I chose wisely, because I thoroughly enjoyed The Quiet Light, which spent as much time on the Aquino family and their Holy Roman Emperor problems as it did on youngest, determined son Thomas. My admiration for De Wohl only increased as I saw how he used both storylines to paint a full picture of the times. Thomas in Paris proved, as his teacher Albert the Great predicted, that “this dumb ox” had a roar that would be heard throughout the world, while English knight Piers headed off to (St.) King Louis’s court in Paris. Simultaneously St. Bonaventure was being called upon to defend the Franciscans. I had no idea that all these saints were contemporaneous. I especially appreciated the rare mentions of Aquinas and Bonaventure’s mutual respect and friendship, always coupled with how very different both were from each other.
On a personal level, I was inspired by Thomas’s ability to let insults slide off, simply ignoring them. This goes hand-in-hand with reading Fire of Mercy, Heart of the Word about the beatitude discussing meekness. It said that meekness is not being a doormat but is the ability to always be open to the opportunity to do good, to turn evil into a work for God. Methinks there is a very powerful message for me in all this.

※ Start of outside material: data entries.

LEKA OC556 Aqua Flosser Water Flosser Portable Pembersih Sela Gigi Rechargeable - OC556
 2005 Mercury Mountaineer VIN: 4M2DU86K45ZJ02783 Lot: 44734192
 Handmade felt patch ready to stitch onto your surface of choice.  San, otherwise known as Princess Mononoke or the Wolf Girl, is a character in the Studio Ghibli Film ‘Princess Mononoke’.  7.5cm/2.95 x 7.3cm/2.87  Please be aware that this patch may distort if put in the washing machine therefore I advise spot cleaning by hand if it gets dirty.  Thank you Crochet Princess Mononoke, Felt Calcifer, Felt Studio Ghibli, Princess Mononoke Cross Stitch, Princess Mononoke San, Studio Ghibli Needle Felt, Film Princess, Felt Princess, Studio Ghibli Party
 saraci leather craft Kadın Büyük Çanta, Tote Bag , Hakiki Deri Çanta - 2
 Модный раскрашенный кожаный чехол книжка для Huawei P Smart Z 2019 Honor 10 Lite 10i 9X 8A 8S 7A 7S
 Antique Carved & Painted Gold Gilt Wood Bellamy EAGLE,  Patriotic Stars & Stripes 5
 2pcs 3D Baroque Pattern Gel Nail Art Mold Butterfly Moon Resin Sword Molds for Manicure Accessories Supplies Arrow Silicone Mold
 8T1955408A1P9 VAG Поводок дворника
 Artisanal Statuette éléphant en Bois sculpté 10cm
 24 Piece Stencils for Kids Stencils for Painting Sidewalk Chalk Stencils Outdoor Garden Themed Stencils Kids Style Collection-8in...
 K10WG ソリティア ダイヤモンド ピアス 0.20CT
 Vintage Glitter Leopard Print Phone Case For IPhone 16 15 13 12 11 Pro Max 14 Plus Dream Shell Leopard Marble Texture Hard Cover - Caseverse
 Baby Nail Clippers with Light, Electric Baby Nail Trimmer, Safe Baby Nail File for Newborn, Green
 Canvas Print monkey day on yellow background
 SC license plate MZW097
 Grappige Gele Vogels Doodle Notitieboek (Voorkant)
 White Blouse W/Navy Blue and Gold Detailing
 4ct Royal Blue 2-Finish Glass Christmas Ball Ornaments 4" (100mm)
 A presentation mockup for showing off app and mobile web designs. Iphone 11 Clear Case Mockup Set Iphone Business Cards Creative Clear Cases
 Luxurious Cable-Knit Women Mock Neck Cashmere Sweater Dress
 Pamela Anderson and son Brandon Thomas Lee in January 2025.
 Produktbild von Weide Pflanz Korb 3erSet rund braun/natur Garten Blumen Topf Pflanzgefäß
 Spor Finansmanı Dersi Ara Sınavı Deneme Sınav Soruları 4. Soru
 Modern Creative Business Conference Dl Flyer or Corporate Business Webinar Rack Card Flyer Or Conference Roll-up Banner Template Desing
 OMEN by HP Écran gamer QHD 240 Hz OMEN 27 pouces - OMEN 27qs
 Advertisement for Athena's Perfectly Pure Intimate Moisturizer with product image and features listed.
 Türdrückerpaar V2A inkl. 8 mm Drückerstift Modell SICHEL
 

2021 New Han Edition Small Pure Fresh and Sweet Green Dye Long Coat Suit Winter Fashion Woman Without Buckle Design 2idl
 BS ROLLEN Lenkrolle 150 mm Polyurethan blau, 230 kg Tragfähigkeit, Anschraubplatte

I am not sure when De Wohl wrote this in relation to his book about St. Augustine, but this one showed considerably more expertise in conveying information while keeping the reader engaged. Although St. Thomas is seen relatively rarely in the overall story, it has the effect of making the impact much greater. I may never forget the vivid description of him dismantling the opposition’s faulty treatise in front of the board of cardinals. I read it three times for the beauty and clarity of the passages.